Task statement: Transcribe the listing in full, word for word; pictures do not belong in the copy.

Data below:
※ ※ ※
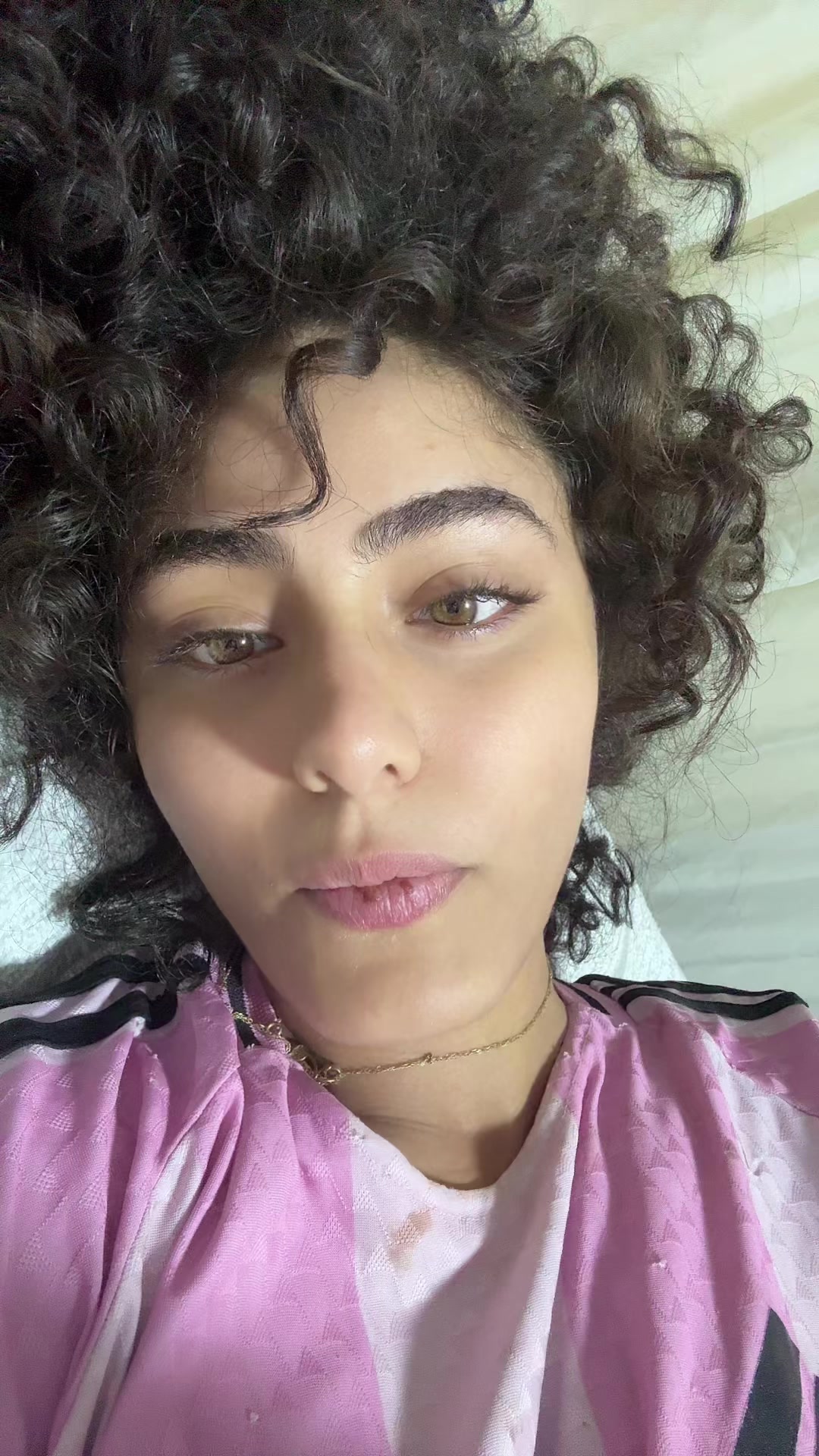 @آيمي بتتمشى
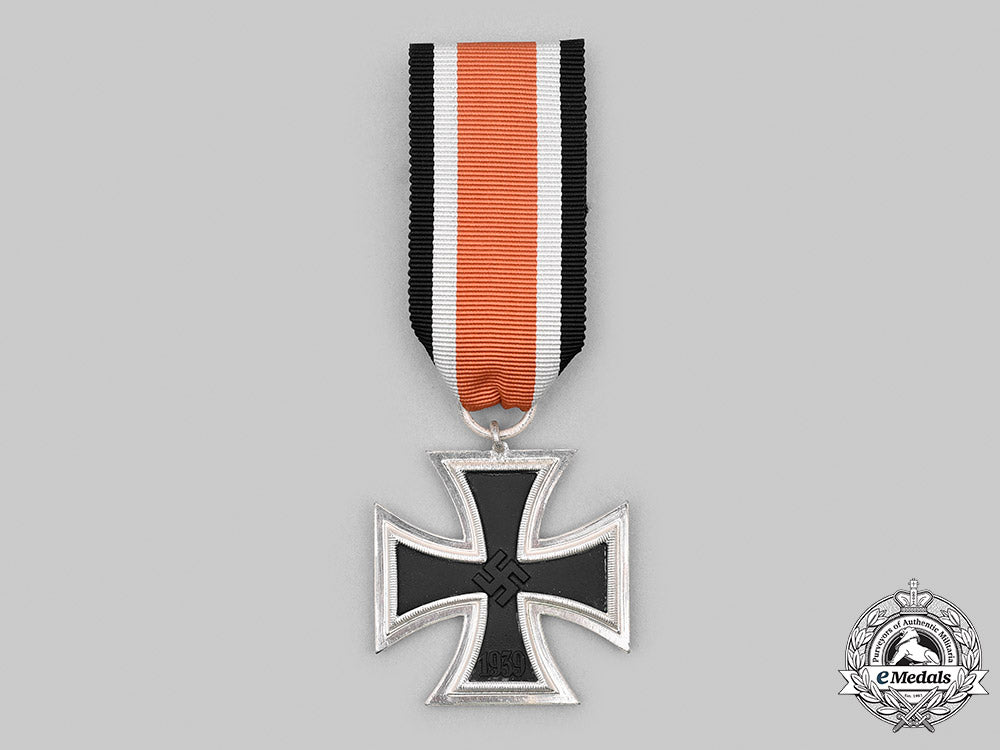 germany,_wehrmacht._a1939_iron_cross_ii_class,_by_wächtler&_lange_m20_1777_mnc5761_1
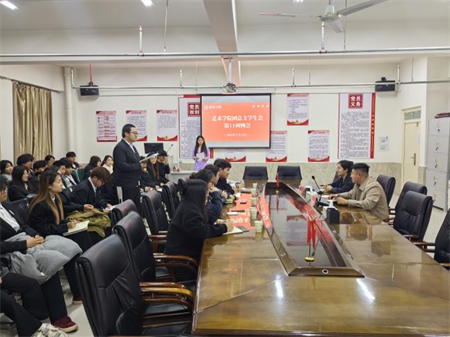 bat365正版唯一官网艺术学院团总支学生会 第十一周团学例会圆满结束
※ ※ ※
Answer box:
 @آيمي بتتمشى
 germany,_wehrmacht._a1939_iron_cross_ii_class,_by_wächtler&_lange_m20_1777_mnc5761_1
 bat365正版唯一官网艺术学院团总支学生会 第十一周团学例会圆满结束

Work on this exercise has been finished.